Banchieri, creditori e procacciatori d’affari
Che il mondo politico fosse corrotto e che molti funzionari pubblici affondassero le mani nelle casse statali era un’usanza comune in tutta Italia. Basti pensare allo scandalo della Banca Romana che coinvolse lo stesso ministro del tesoro Giovanni Giolitti e il presidente del consiglio Francesco Crispi; al caso del trapanese Nunzio Nasi, ministro delle Poste nel primo Gabinetto Pelloux (1898-1899) e ministro della Pubblica Istruzione nel Gabinetto Zanardelli (1901-1903), accusato di peculato (secondo il resoconto della Commissione d’inchiesta, aveva compiuto trasferte personali a spese dello Stato e sottratto oggetti del Ministero). In sua difesa insorse tutta la Sicilia e un messinese in particolare, Francesco Perrone Paladini, fondò, nel 1908, il Partito Siciliano, allo scopo di alimentare l’agitazione autonomistica.

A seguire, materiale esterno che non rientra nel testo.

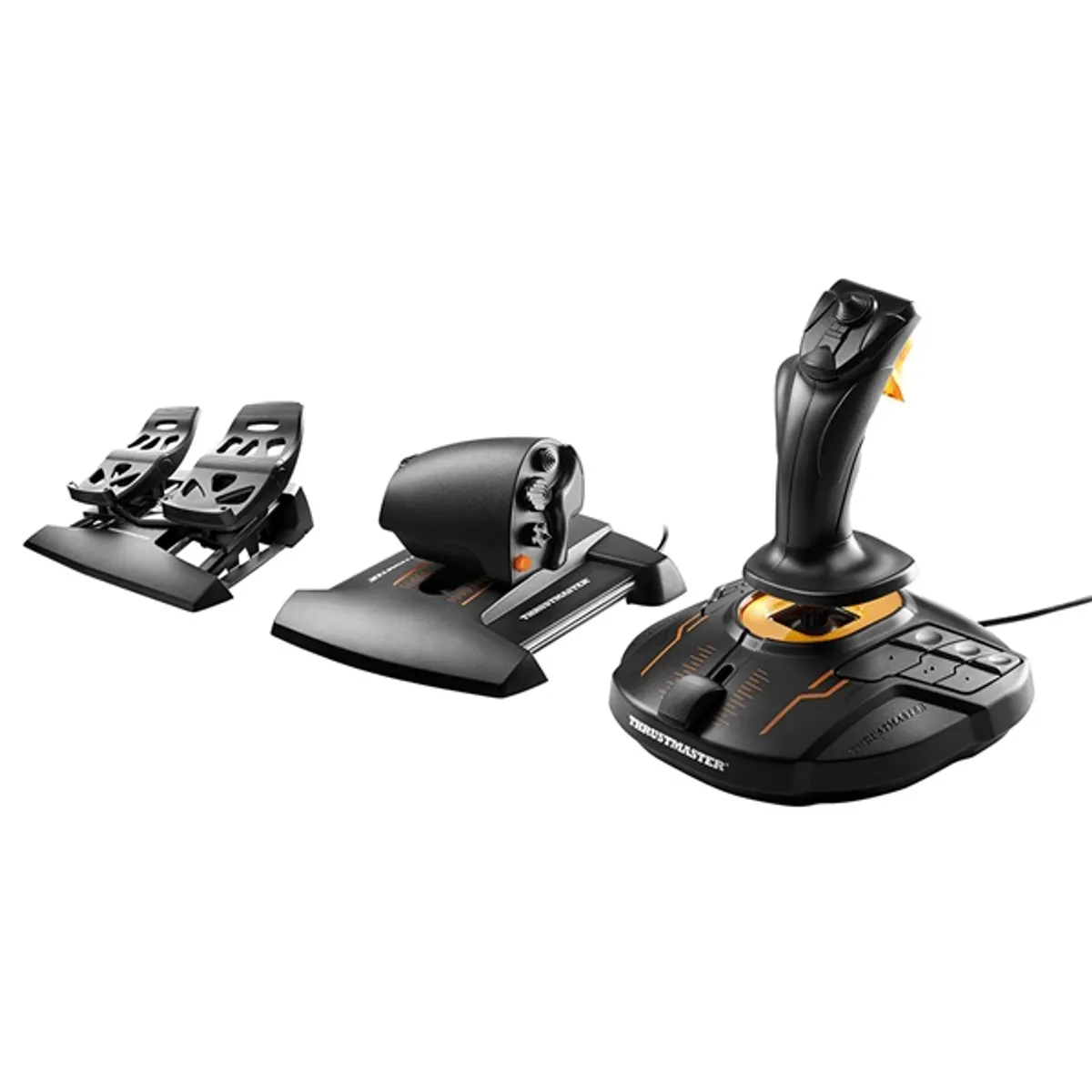 Thrustmaster 2960782 T.16000M Flight Pack vezetékes PC #1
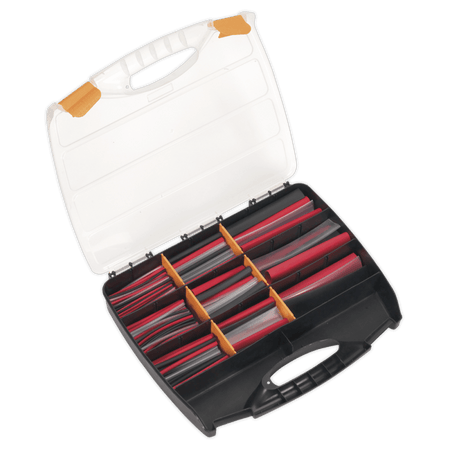 Heat Shrink Tubing Assortment 261pc Mixed Colours Adhesive Lined 100 & 150mm : Model No.HSTAL261MC
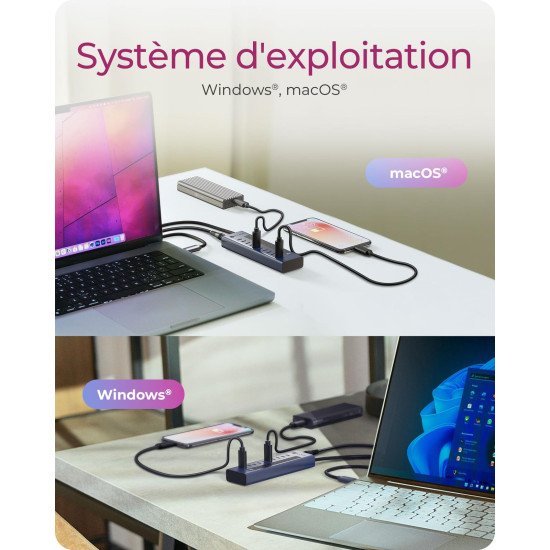 ICY BOX Hub 10 ports USB Type-C Gen 2 ICY BOX Hub 10 ports USB Type-C Gen 2
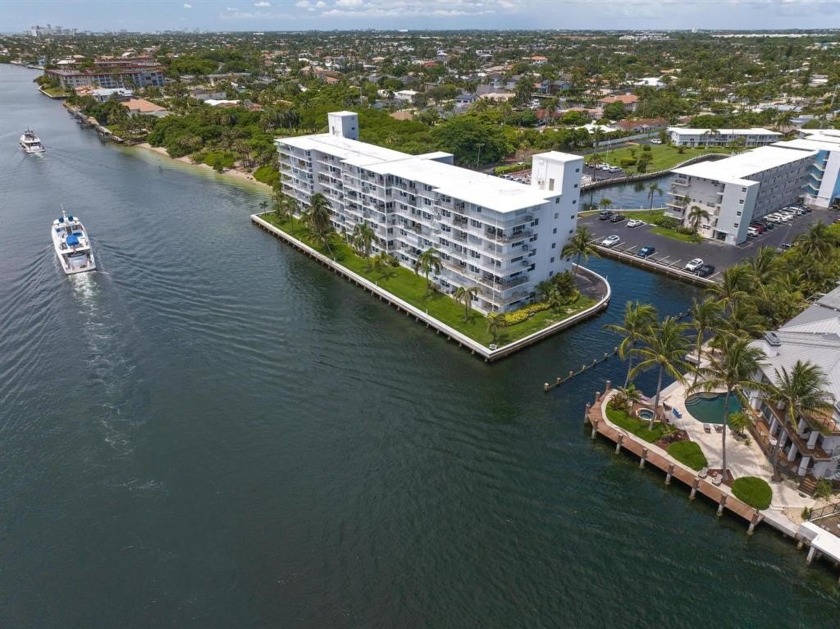 Experience direct Intracoastal views that embody the essence of - Beach Condo for sale in Deerfield Beach, Florida on Beachhouse.com
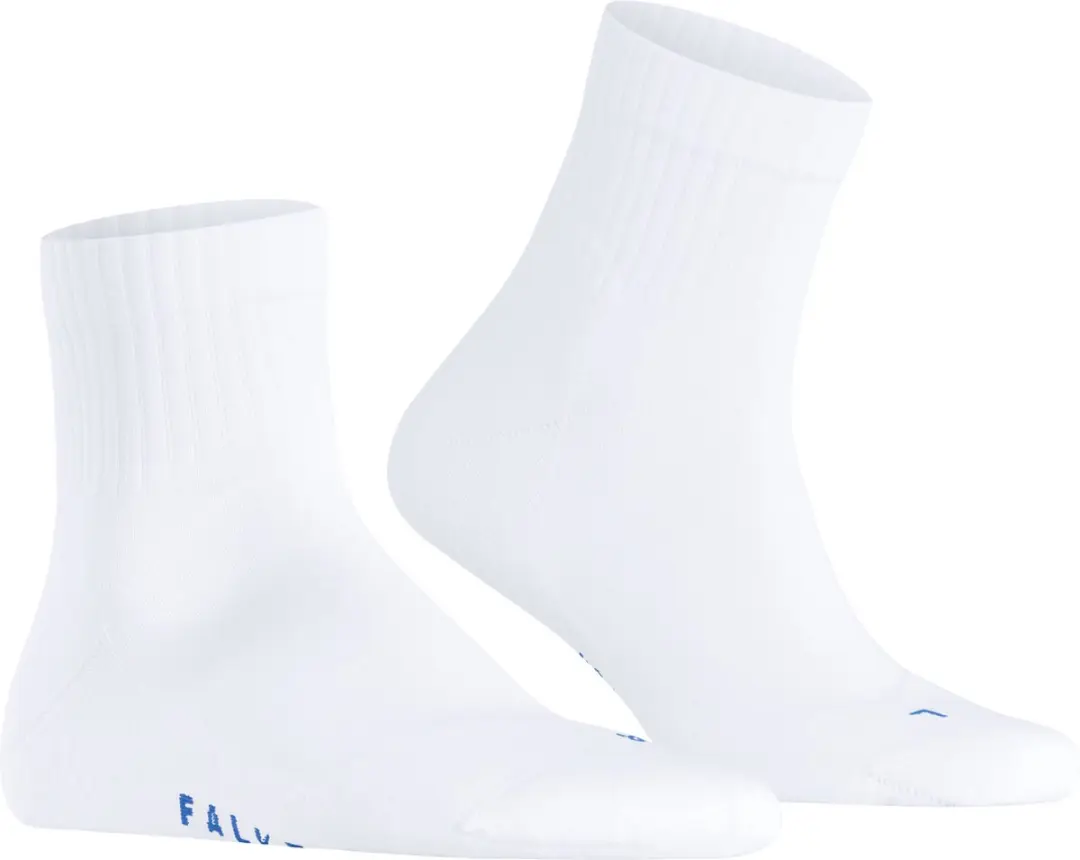 FALKE Run Rib Crew Sokken - Wit - 35-36 - afbeelding 4 van 6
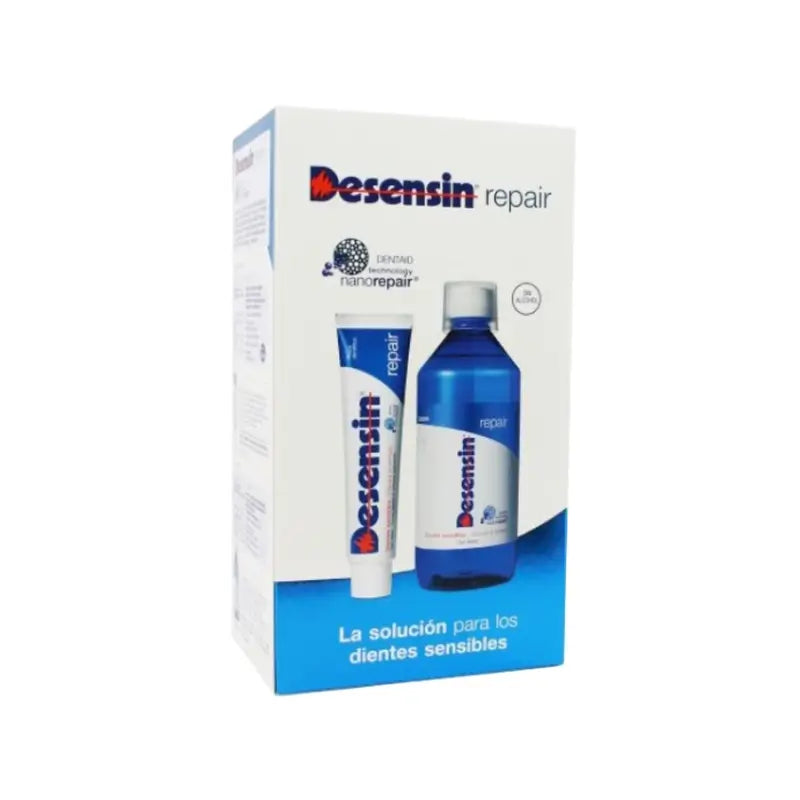 Desensin Repair Pack Paste 75 ml + Mouthwash 500 ml
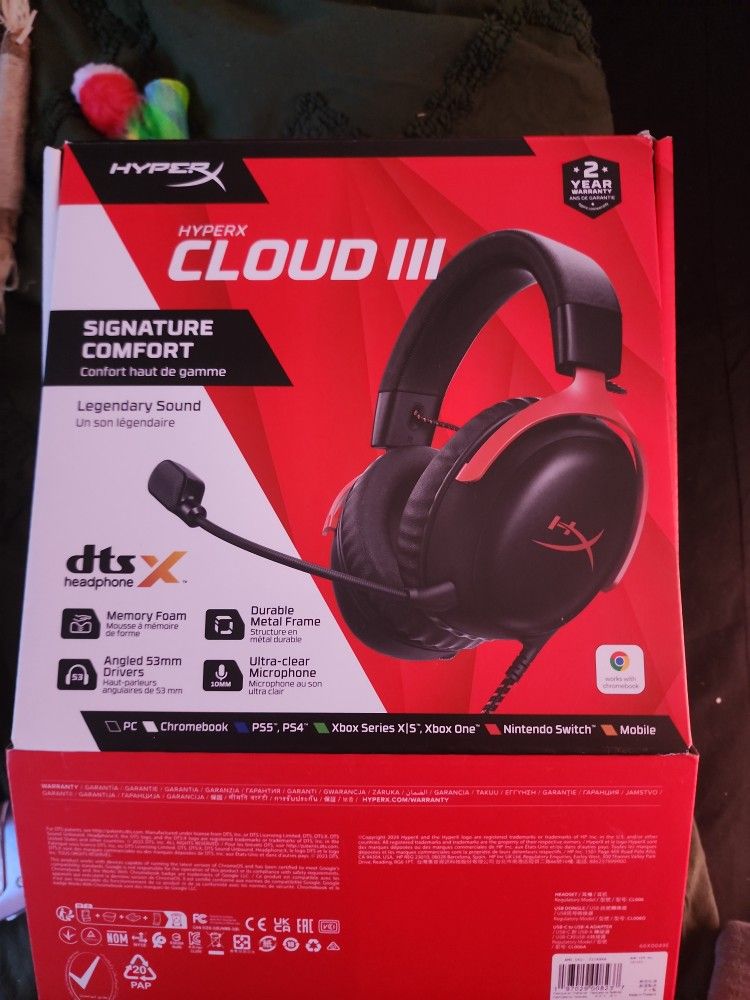 Hyperx Cloud 3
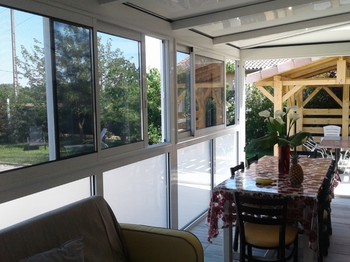 salle de 25 m2 et sa terrasse Gagnac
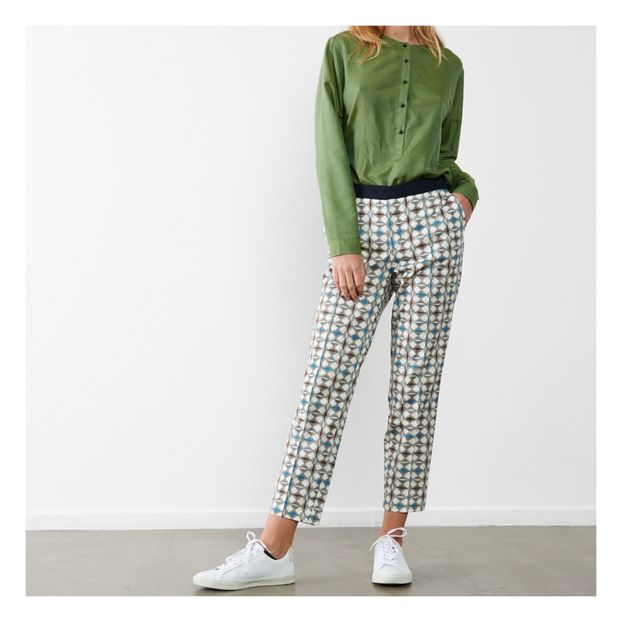 Priscille printed trousers-product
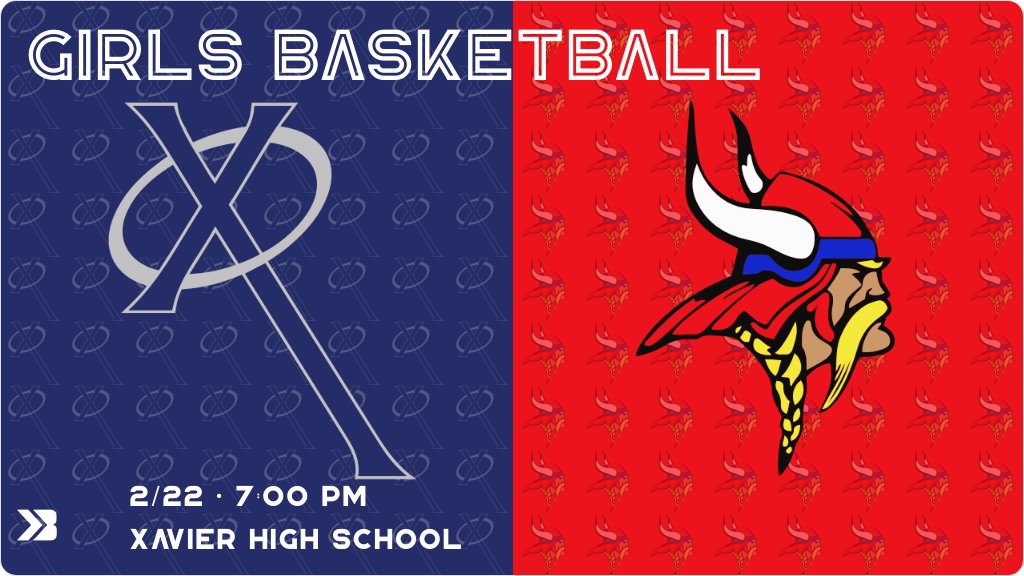 Girls Basketball (Varsity) Game Day! - Check out the event preview for the The Decorah Vikings vs the Xavier Saints. It starts at 7:00 PM and is at Xavier High School Main Gym. gobound.com/ia/ighsau/girl…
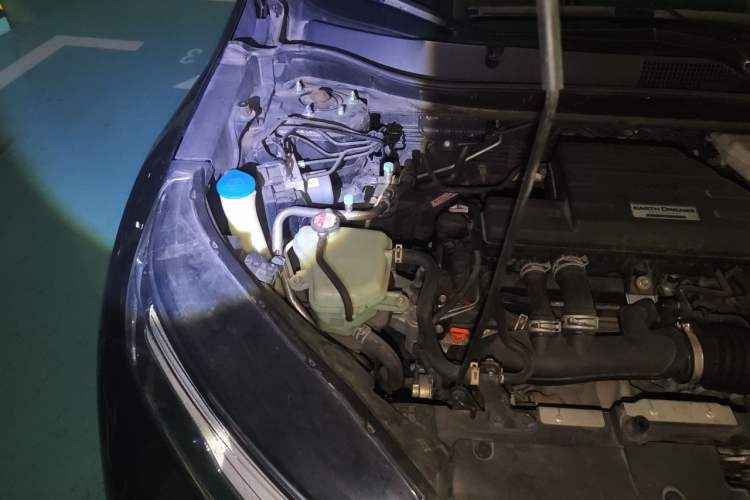 Used Honda CR-V 2021 240TURBO CVT 2WD Fashion Edition Engine Bay Right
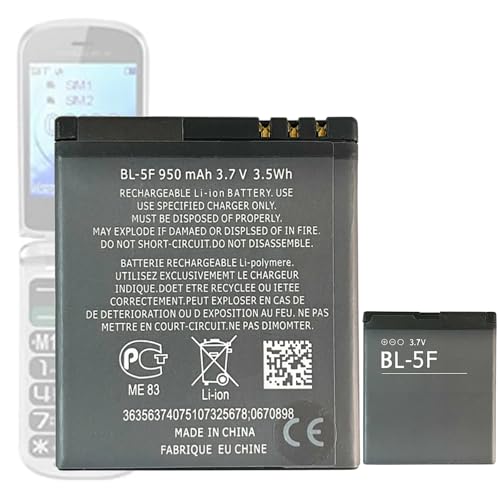2 【Specifiche】 Capacità: 950 mAh/3,2Wh ; Tensione: 3,7 V;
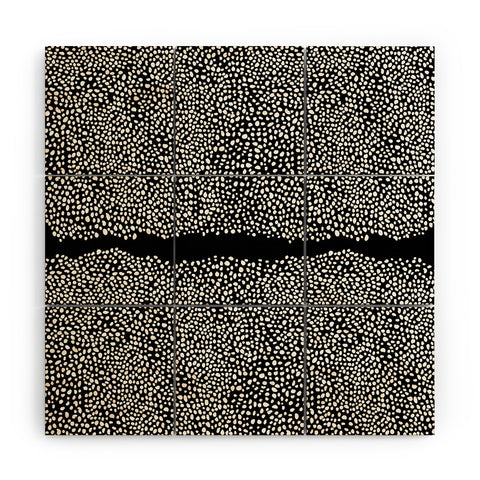 Iveta Abolina La Jardin Noir V Wood Wall Mural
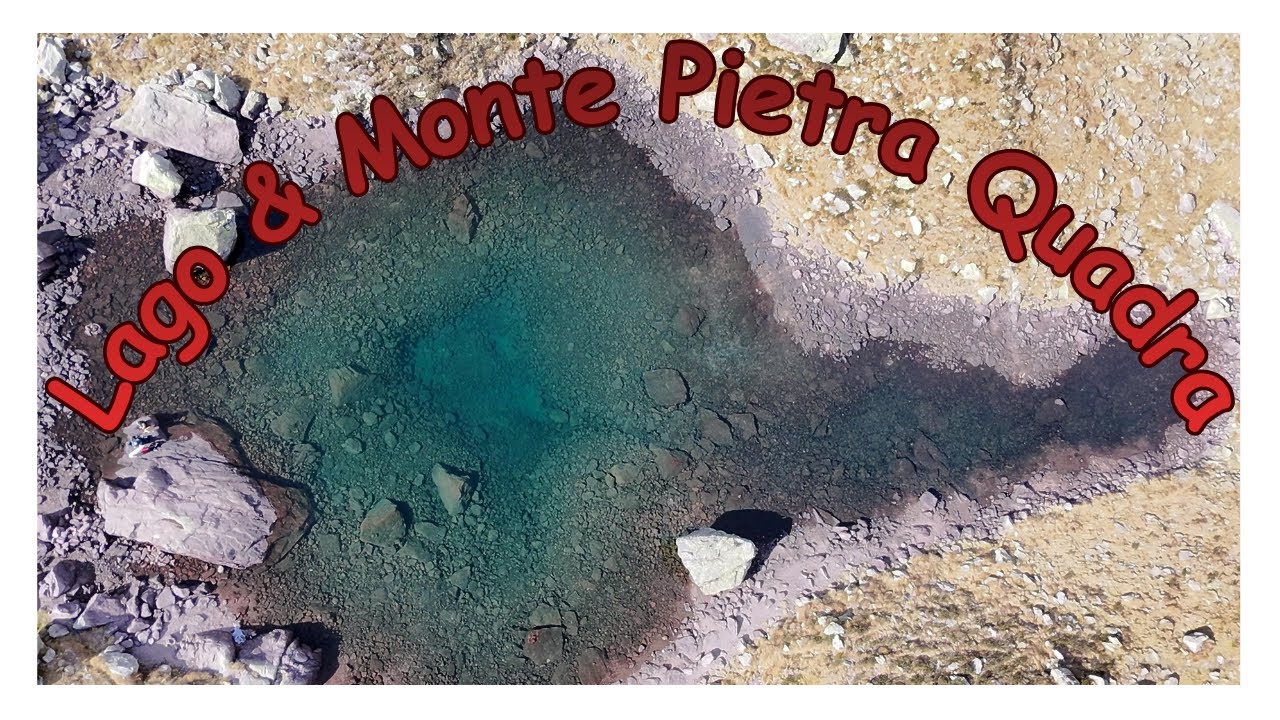 Lago & Monte Pietra Quadra 2356 mt. - Parco Orobie Bergamasche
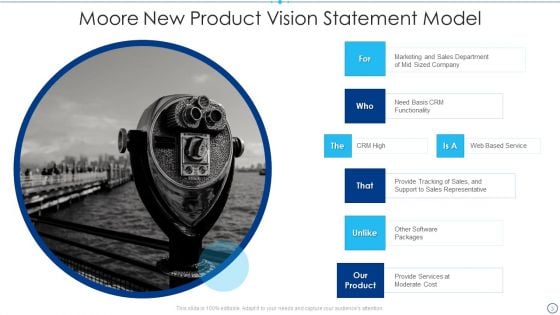 New Product Vision Statement Ppt PowerPoint Presentation Complete With Slides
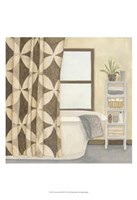 Patterned Bath III Fine Art Print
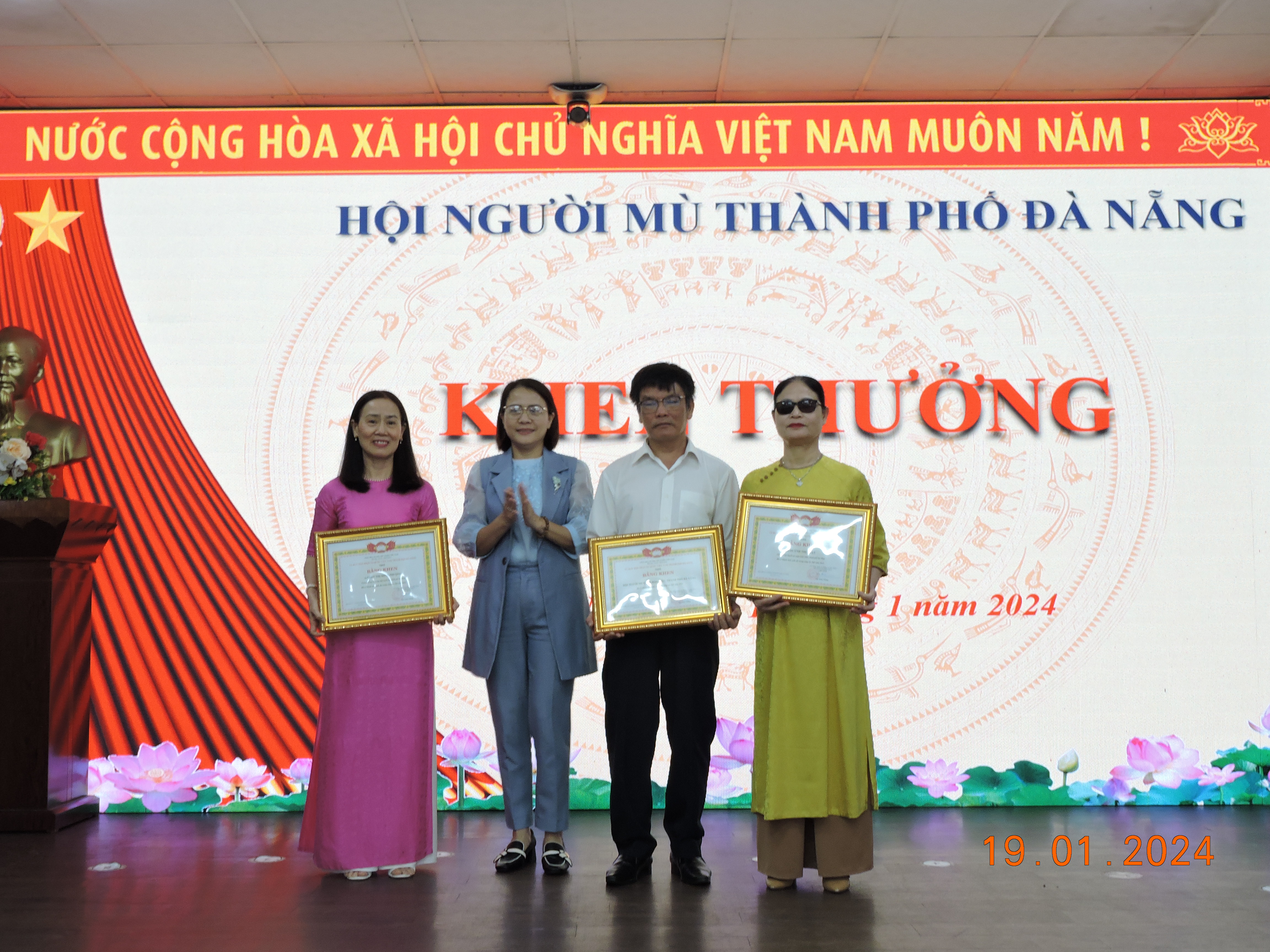 Hội nghị tổng kết công tác Hội năm 2023 tại Thành hội Đà Nẵng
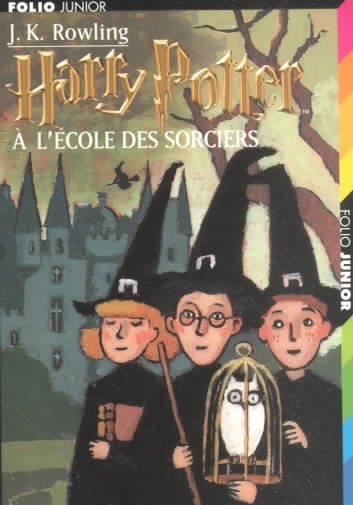 Harry Potter à l'école des sorciers / J.K. Rowling ; traduit de l'anglais par Jean-François Ménard.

Invano Crispi, Di Rudinì e Pelloux cercarono di rimediare allo strappo elettorale, e le loro misure repressive non fecero altro che contribuire all’inasprimento della battaglia politica fra monarchici, liberali, massoni, clericali, da un lato, e repubblicani, socialisti e cattolici, dall’altro.
In quello stesso periodo Messina era guidata da una giunta comunale conservatrice in cui si susseguirono, dal 1893 al 1900, i sindaci dirudiniani Francesco Mauromati, Giacomo Natoli, Gaetano Loffredo, tutti grandi proprietari terrieri che avevano il fulcro dei loro interessi nella gestione dell’acquedotto, del dazio al consumo e nell’edilizia; infine Gaetano D’Arrigo e Giuseppe Arigò, avvocati con il vizio dei grandi affari (tram, gas, banche, navigazione).
Qui sta il nodo dell’intera questione: l’aristocrazia fondiaria rifiuta lo Stato perchè le ruba pezzi di potere e il controllo della proprietà fondiaria è un elemento fondamentale di sopravvivenza per quest’ultimo residuo di classe feudale.
Lo Stato ha il problema della fornitura dei servizi alla cittadinanza: come realizzare strade, edifici pubblici, acquedotti, ferrovie senza toccare la proprietà privata?
Il problema passa anche sul piano del diritto: espropriazione con giusto indennizzo o servitù di passaggio?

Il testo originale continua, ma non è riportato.